Purchasing Order Terms & Conditions
These terms and conditions shall govern all purchase orders (“POs”) issued either by Shake Shack Enterprises, LLC or any of its affiliates or subsidiaries (collectively, “Shake Shack”) to the supplier identified in each PO (each, a “Supplier”) with respect to the purchase of goods and/or services (collectively, the “Deliverables”) specified in a PO.
Fulfillment of any part of a PO, or any other conduct by Supplier that recognizes the existence of an agreement between the parties pertaining to the subject matter of such PO, shall constitute acceptance by Supplier of such PO and these terms and conditions.
In the event that there is a written agreement between the parties that conflicts with these terms and conditions, the terms of the written agreement shall control for the specific provision(s) in conflict.

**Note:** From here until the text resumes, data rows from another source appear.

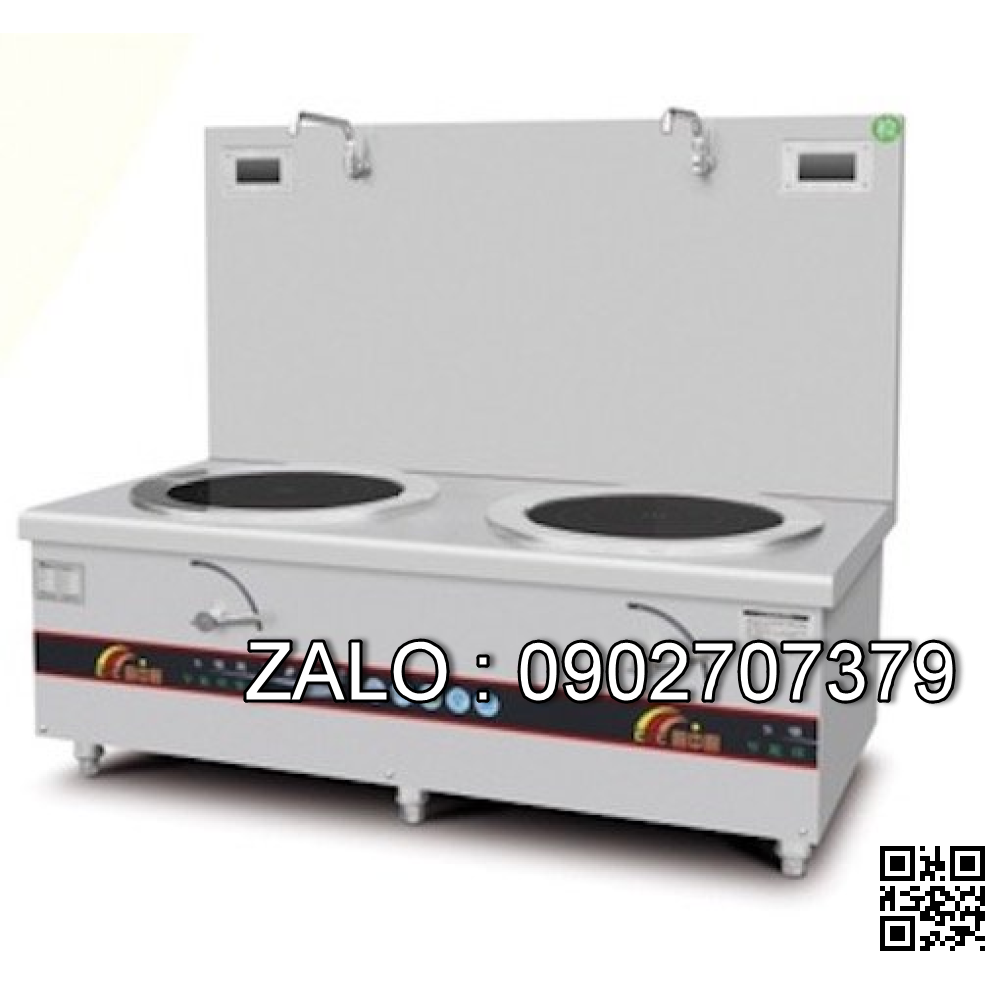 Bếp nấu canh điện từ thấp 2 đầu CZC - 13DE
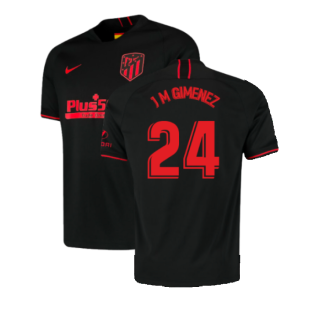 2019-2020 Atletico Madrid Away Shirt (J M GIMENEZ 24)
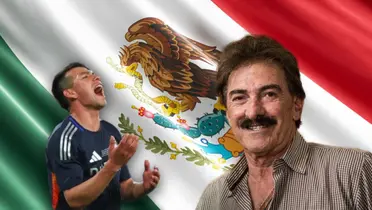 Ricardo La Volpe e Hirving Lozano/Foto Tirent Lo Blanch.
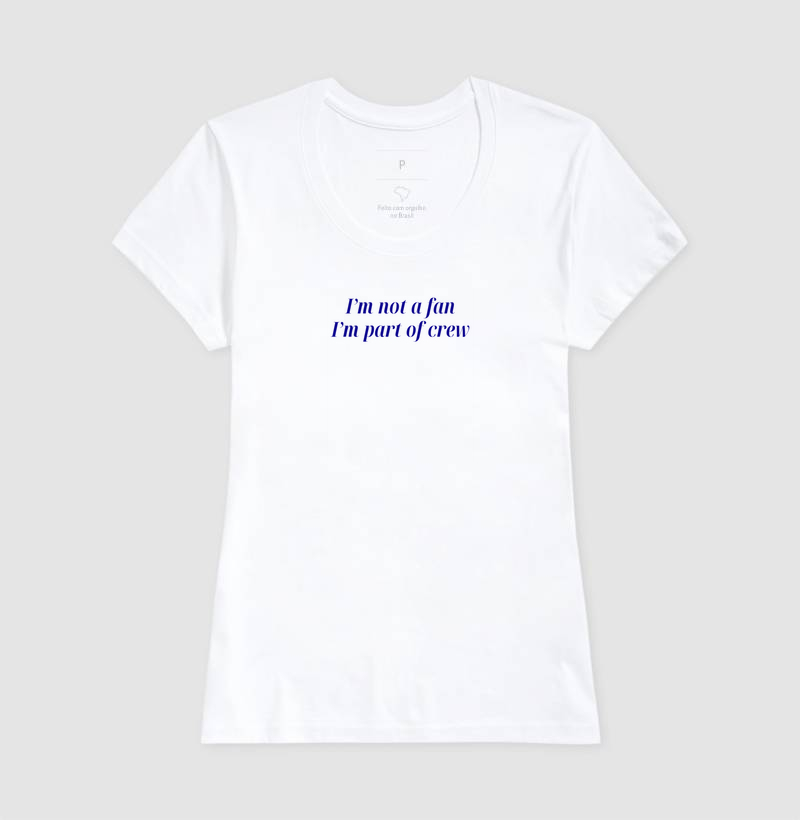 I'm not a fan, I'm part of crew - Imagem 6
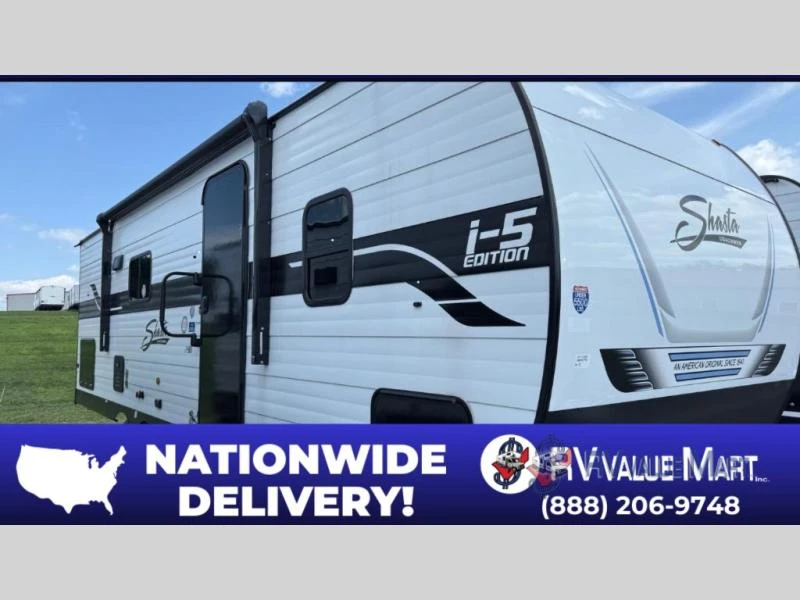2025 Shasta RVs i-5 Edition exterior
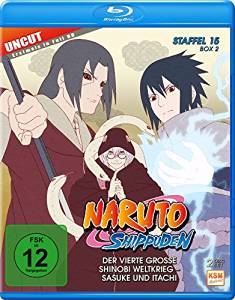 Naruto Shippuden Staffel 15 Box 2 Blu-ray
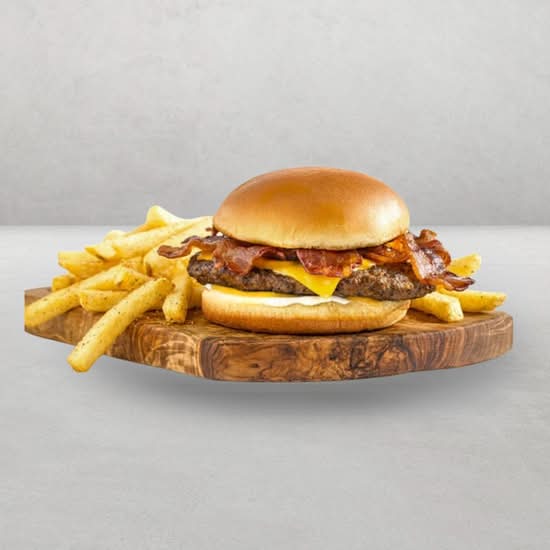 Just Bacon Burger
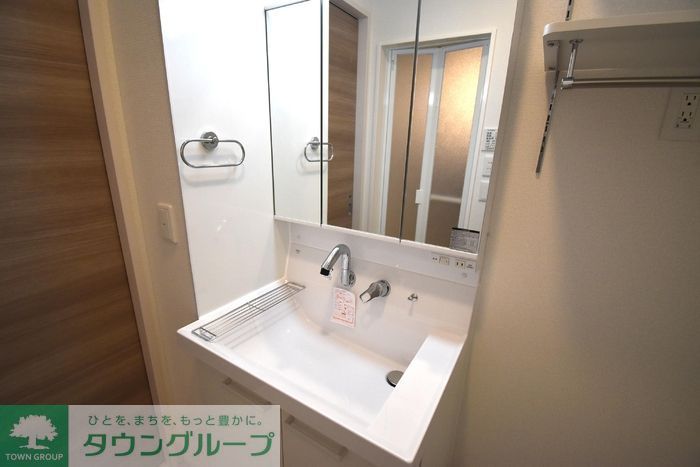 洗面設備　★お部屋探しはタウンハウジング高幡不動店まで★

2. Specifications and Description.
The Deliverables described in the PO shall be furnished in accordance with any specifications submitted by Shake Shack to Supplier, or provided by Supplier to Shake Shack, in connection with the transactions contemplated by the PO (collectively, the “Specifications”).
Delivery in respect of the Deliverables shall be deemed to have occurred (i) when the Deliverables arrive at the location identified on the PO and Shake Shack acknowledges receipt in writing and/or (ii) when Supplier has completed performance of the Deliverables and Shake Shack acknowledges completion in writing (in each case, the “Delivery”). Late Delivery shall not constitute a waiver of Shake Shack’s rights to hold Supplier liable for any loss or damage resulting therefrom, nor shall it act as a modification to Supplier’s obligations to deliver Deliverables in the future at the times or in accordance with the schedule established herein. Shake Shack reserves the right to refuse any Deliverables furnished in advance of or after the in respect of the timelines set forth in a PO, and to return, at Supplier’s risk and expense, any such advance or late Delivery, or to defer payment on advance Delivery until the times scheduled within such PO.
4. Inspection and Transfer of Title/Risk of Loss
(a) Inspection. All goods shall be subject to inspection by Shake Shack both before and after completion of Delivery. Shake Shack reserves the right to reject and refuse Delivery of goods that are not in accordance with the express or implied Specifications. Non-conforming goods will be returned to Supplier at its risk and expense.
(b) Transfer of Title and Risk of Loss. Title to and all risk of loss or damage to the goods shall remain with Supplier until the goods are Delivered to Shake Shack. At no point is the risk of loss with any Delivery on the Customer.
5. Payment Terms; Invoicing
Unless otherwise specified on the PO, payment shall be due sixty (60) days after the latter to occur of (i) Delivery or (ii) Shake Shack’s receipt of an accurate invoice for the Deliverables. All invoices must include, at a minimum, a PO reference number; a clear description of the Deliverables, including quantity, cost per unit and total item cost; invoice issue date; payment due date; Delivery date; and an itemization of all costs, including freight and taxes.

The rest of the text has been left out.